* **SOURCE RECORDS**
────────────────────────────────────────

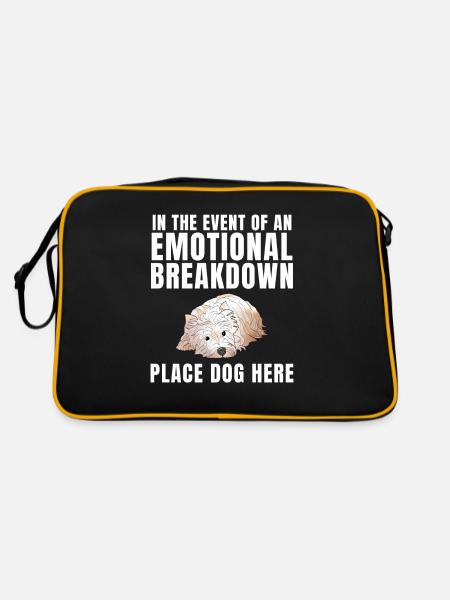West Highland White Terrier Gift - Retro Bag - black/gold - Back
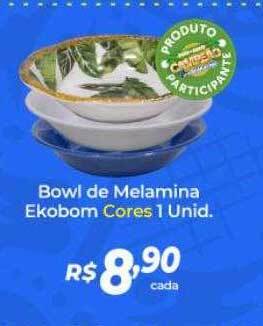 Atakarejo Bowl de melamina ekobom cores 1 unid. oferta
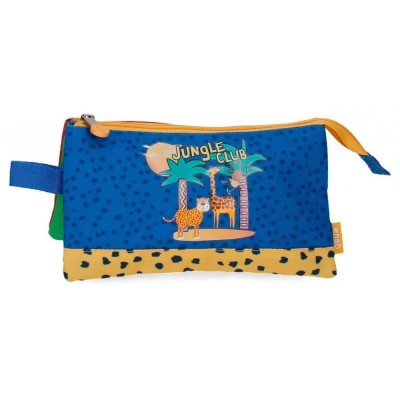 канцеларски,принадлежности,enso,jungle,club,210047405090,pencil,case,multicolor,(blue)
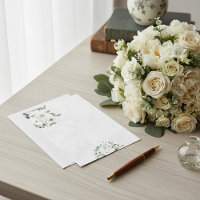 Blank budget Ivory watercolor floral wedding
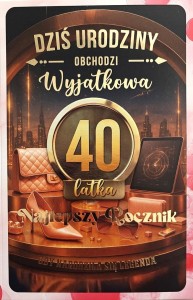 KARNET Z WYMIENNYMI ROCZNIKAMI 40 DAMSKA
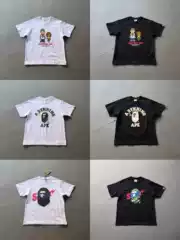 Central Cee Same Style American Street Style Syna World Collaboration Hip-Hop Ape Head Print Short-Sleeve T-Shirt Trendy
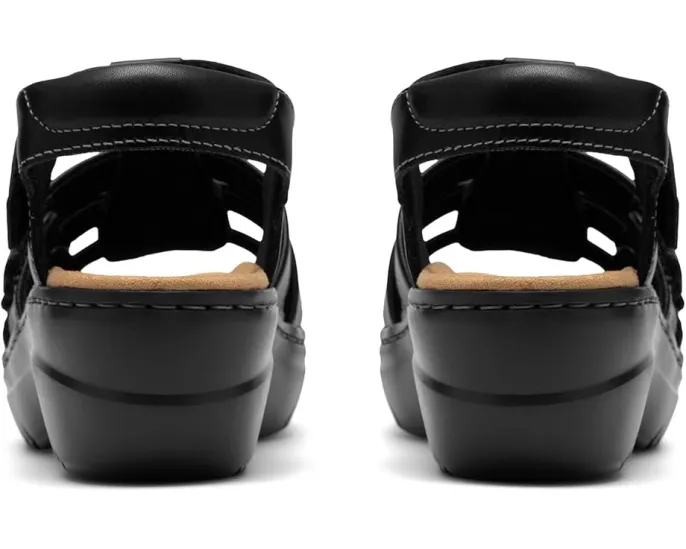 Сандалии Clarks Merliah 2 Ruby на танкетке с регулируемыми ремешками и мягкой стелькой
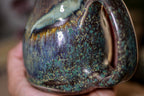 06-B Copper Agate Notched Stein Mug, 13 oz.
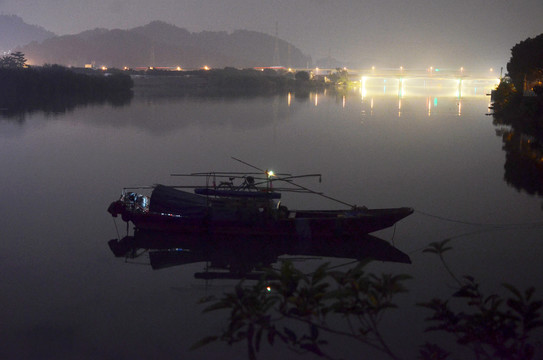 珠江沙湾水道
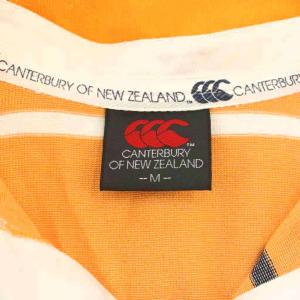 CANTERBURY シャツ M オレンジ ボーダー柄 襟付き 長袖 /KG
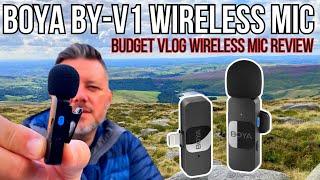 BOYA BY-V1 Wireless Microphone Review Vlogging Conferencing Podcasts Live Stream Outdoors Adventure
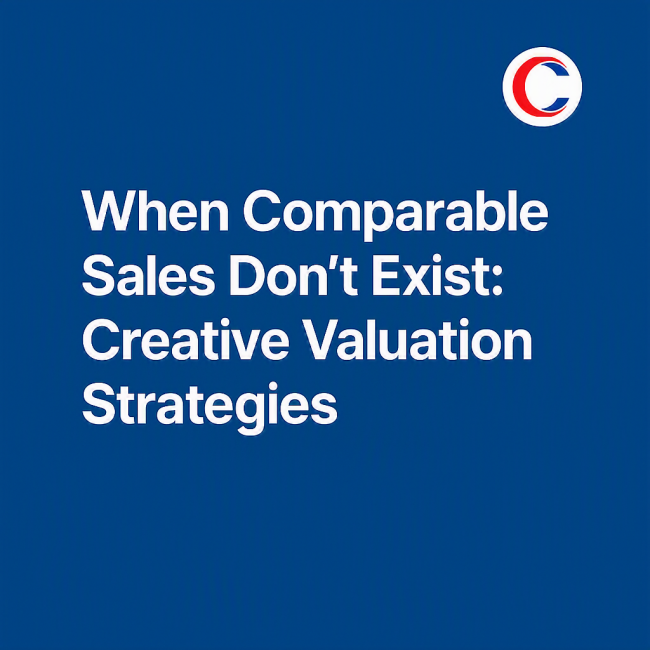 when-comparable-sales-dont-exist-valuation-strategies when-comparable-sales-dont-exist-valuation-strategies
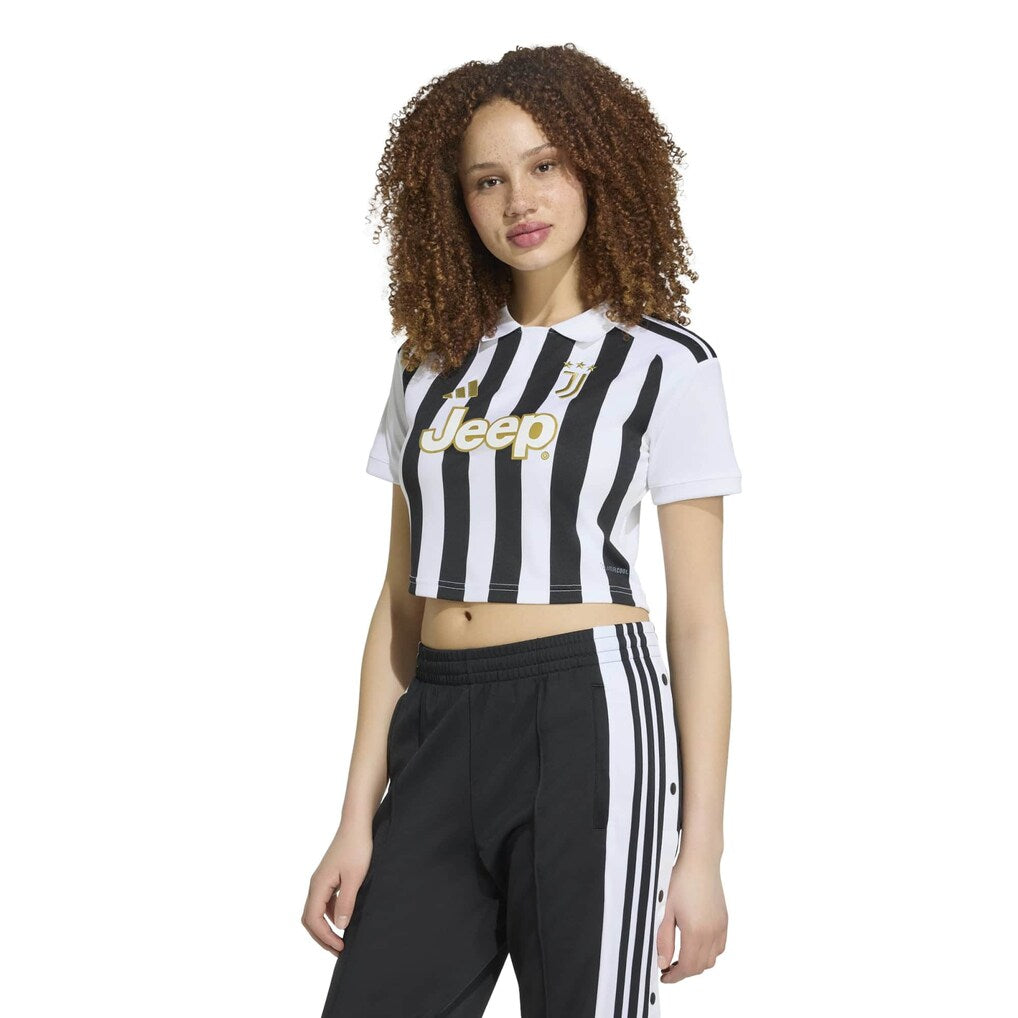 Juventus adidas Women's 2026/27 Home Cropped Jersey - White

────────────────────────────────────────

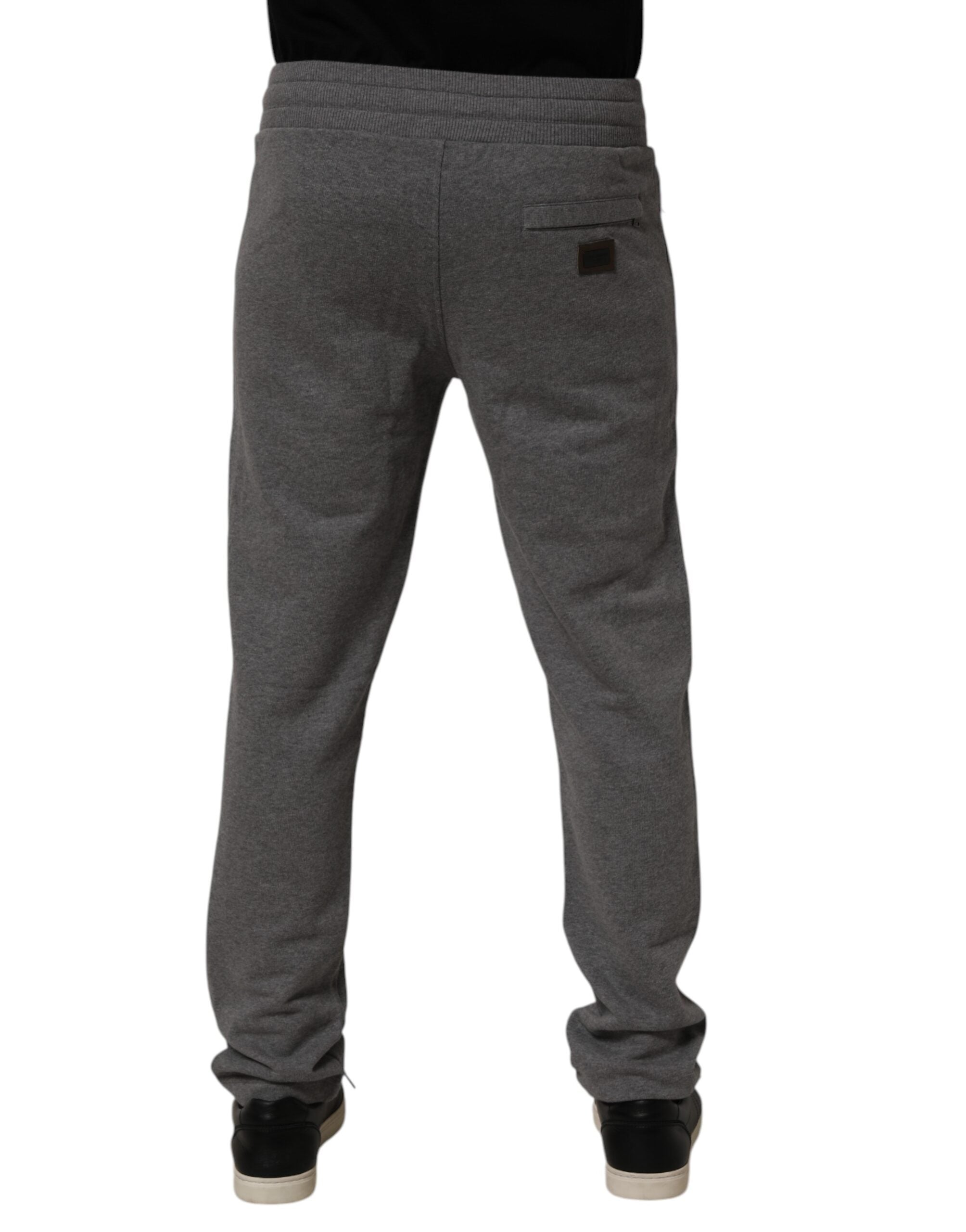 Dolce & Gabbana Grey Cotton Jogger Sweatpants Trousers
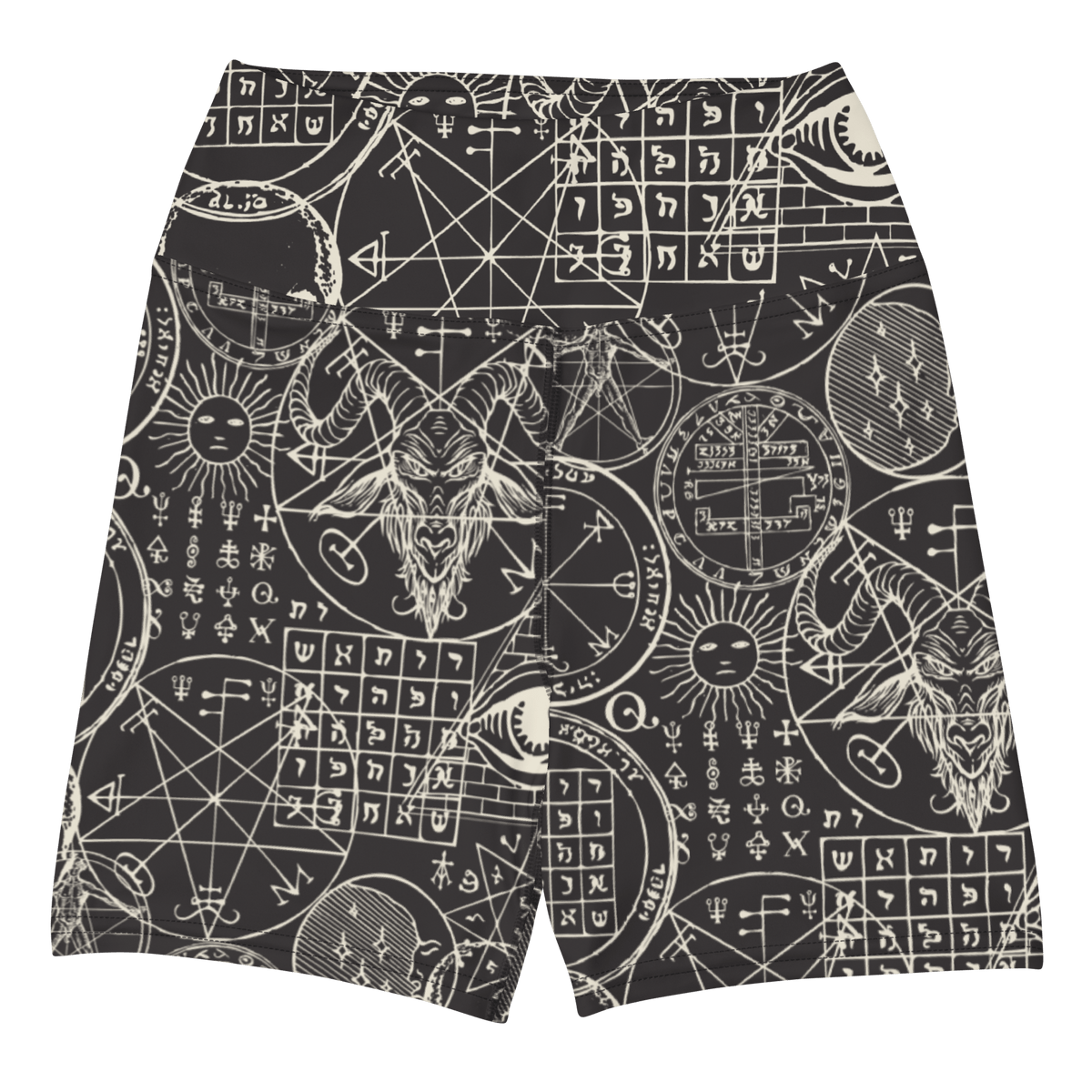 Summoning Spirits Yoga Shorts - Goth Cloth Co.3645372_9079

────────────────────────────────────────

* **EXERCISE REQUIREMENTS**
Print an exact copy of the lines above, from the one containing "KARNET Z WYMIENNYMI ROCZNIKAMI 40 DAMSKA" through the one containing "Juventus adidas Women's", and leave out the pictures.

* **RESULT FOR THIS EXERCISE**
 KARNET Z WYMIENNYMI ROCZNIKAMI 40 DAMSKA
 Central Cee Same Style American Street Style Syna World Collaboration Hip-Hop Ape Head Print Short-Sleeve T-Shirt Trendy
 Сандалии Clarks Merliah 2 Ruby на танкетке с регулируемыми ремешками и мягкой стелькой
 06-B Copper Agate Notched Stein Mug, 13 oz.
 珠江沙湾水道
 CANTERBURY シャツ M オレンジ ボーダー柄 襟付き 長袖 /KG
 BOYA BY-V1 Wireless Microphone Review Vlogging Conferencing Podcasts Live Stream Outdoors Adventure
 when-comparable-sales-dont-exist-valuation-strategies when-comparable-sales-dont-exist-valuation-strategies
 Juventus adidas Women's 2026/27 Home Cropped Jersey - White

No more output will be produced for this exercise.